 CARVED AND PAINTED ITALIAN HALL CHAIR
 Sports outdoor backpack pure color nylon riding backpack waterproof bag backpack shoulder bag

==

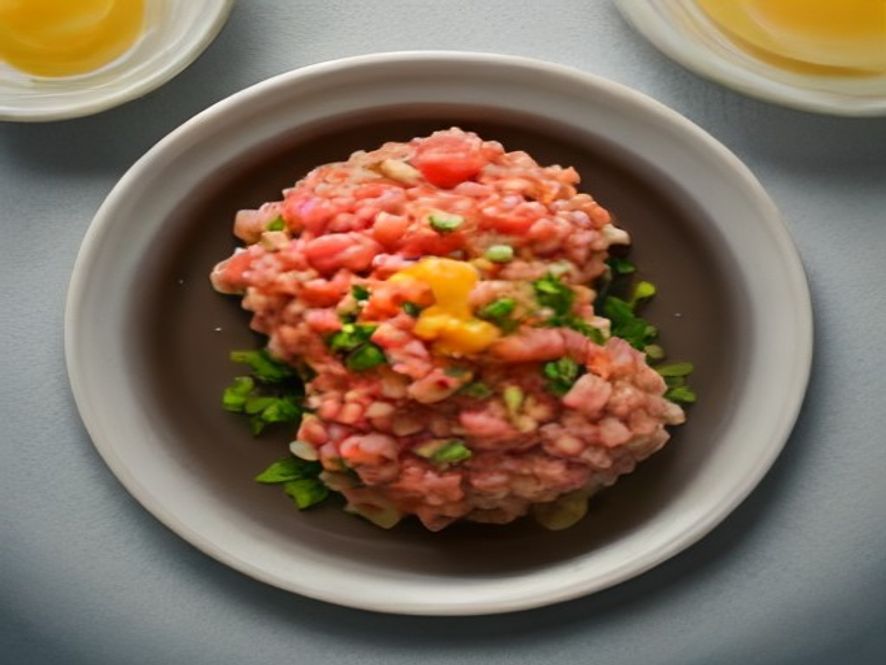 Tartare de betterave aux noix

→ Task goal
Reproduce word for word the material above, beginning with the line that contains "CARVED AND PAINTED ITALIAN HALL CHAIR" and ending with the line that contains "Sports outdoor backpack".

→ Task result
 CARVED AND PAINTED ITALIAN HALL CHAIR
 Sports outdoor backpack pure color nylon riding backpack waterproof bag backpack shoulder bag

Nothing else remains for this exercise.